*518By the Court:
An attachment against property under the Code is auxiliary to an action. It is not the beginning of a distinct and special proceeding. We think, therefore, that papers should not be judged with that strictness which is used when they form the sole basis of jurisdiction.
The words “ known to him ” are intended rather in relief of the conscience of the affiant. One- might hesitate to state positively that the amount claimed was due to him, over and above all counterclaims, since some counter-claims might exist of which the affiant had no knowledge. The omission of these words, therefore, strengthens rather than weakens the affidavit. Nor can we adopt a construction which would render it necessary that the affidavit should always be made by the plaintiff, and could not be made by an agent. We must consider that the intent is to satisfy the court that the amount claimed is really owing. Sometimes the agent of the plaintiff may know more of the matter than the plaintiff himself.
We think that it is not necessary that the precise words of the Code should be used, if words are used which are equivalent. Proof is to be made, to the satisfaction of the judge, of such and such facts. If there is evidence on which he may lawfully be satisfied of the truth of the matters required to be shown, that is enough. (Ruppert v. Hall, 1 Civ. Pro. Pep., 411, 417.)
Now, without discussing at any length the precise etymological meaning of the words “ discounts and set-offs,” we think that, in ordinary use, they have such meaning that a judge might feel satisfied by their use that there were no counter-claims to the plaintiffs’ demand. Especially when, as in this case, the affiant sets forth, in detail, the facts and circumstances in regard to the transactions between the parties. The object of this part of the affidavit is to show that the plaintiff has, so far as he knows, a valid claim against the defendant, to the extent for which he asks an attachment. We think that enough was shown to justify the issue of the attachment, and that it should have been allowed to stand.

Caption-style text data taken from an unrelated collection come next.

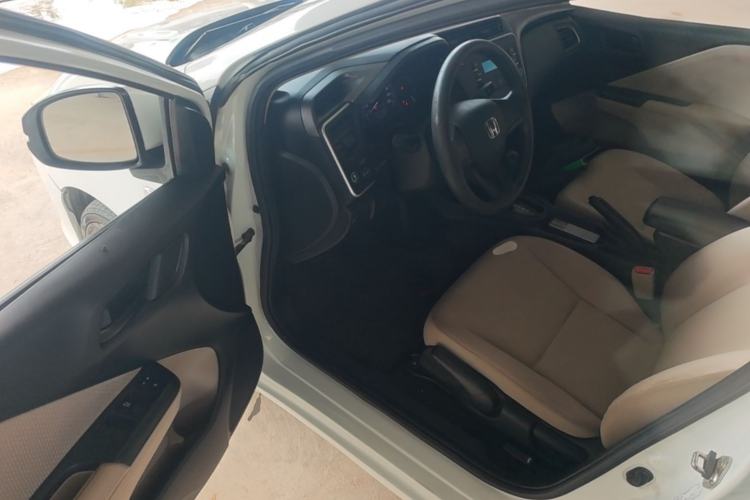 Used Honda City 2018 1.5L CVT Comfort Version Driver Seat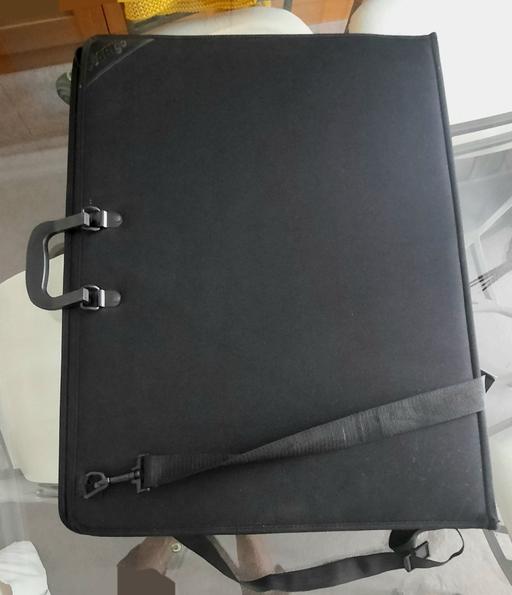  — art portfolio carry case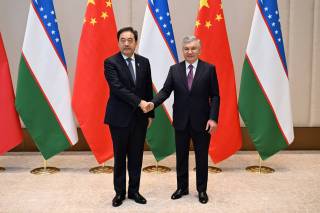 El Presidente de Uzbekistán apoya el fortalecimiento de la colaboración tecnológica y de inversión con China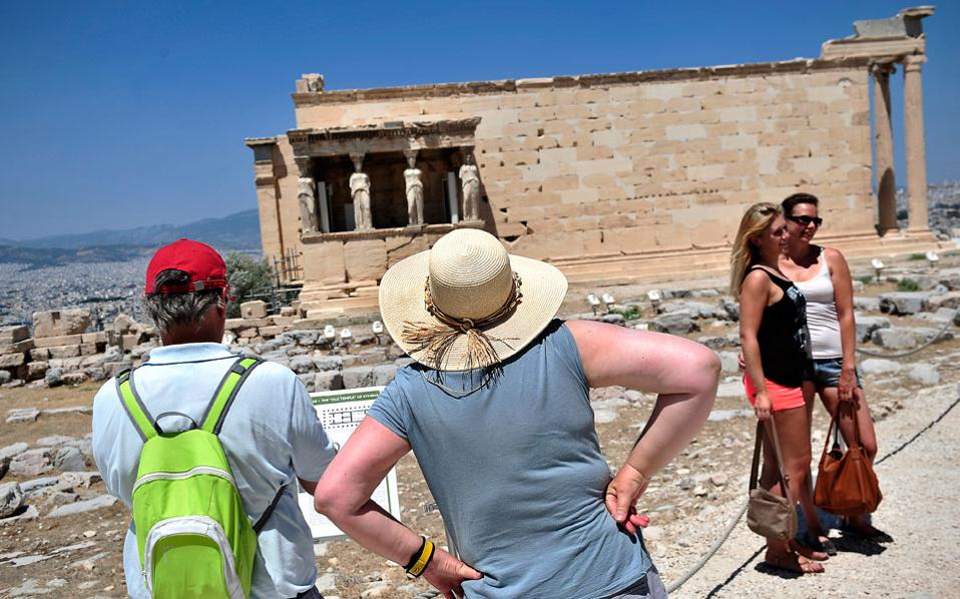 Greece developing three-point plan for restarting tourism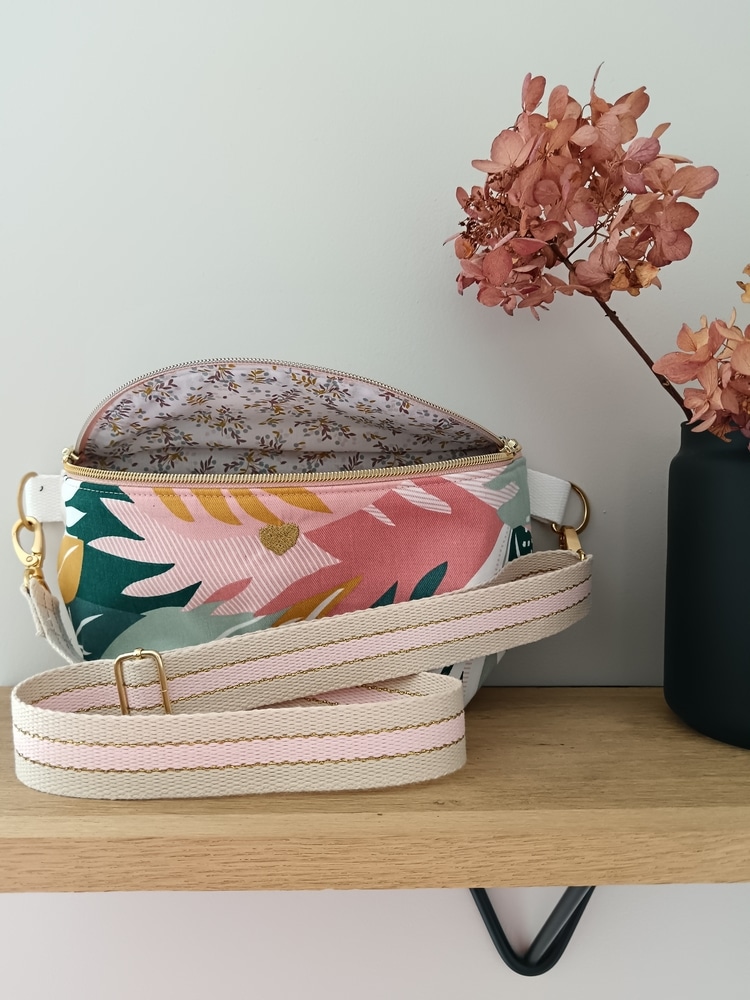 Sac banane "Tropique" Détail, fermeture éclair rose Détail, fermeture éclair rose. Doublure feuillage.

The undertaking was perhaps defective in respect to the mode of signature. At any rate, we think that the defendant should' not have any risk in that respect. The plaintiffs should, therefore, *519file a new undertaking, properly signed and acknowledged and justified.
The order setting aside the attachment is reversed, with ten dollars costs and printing disbursements, and the motion to set aside denied, providing the plaintiff, within ten days, file a proper undertaking, duly signed, justified and acknowledged.
Present — Learned, P. J., and Bockes, J.Order reversed, with ten dollars costs and printing disbursements, and motion to set aside attachment denied, provided plaintiffs, .in ten days after motion, file an undertaking properly executed.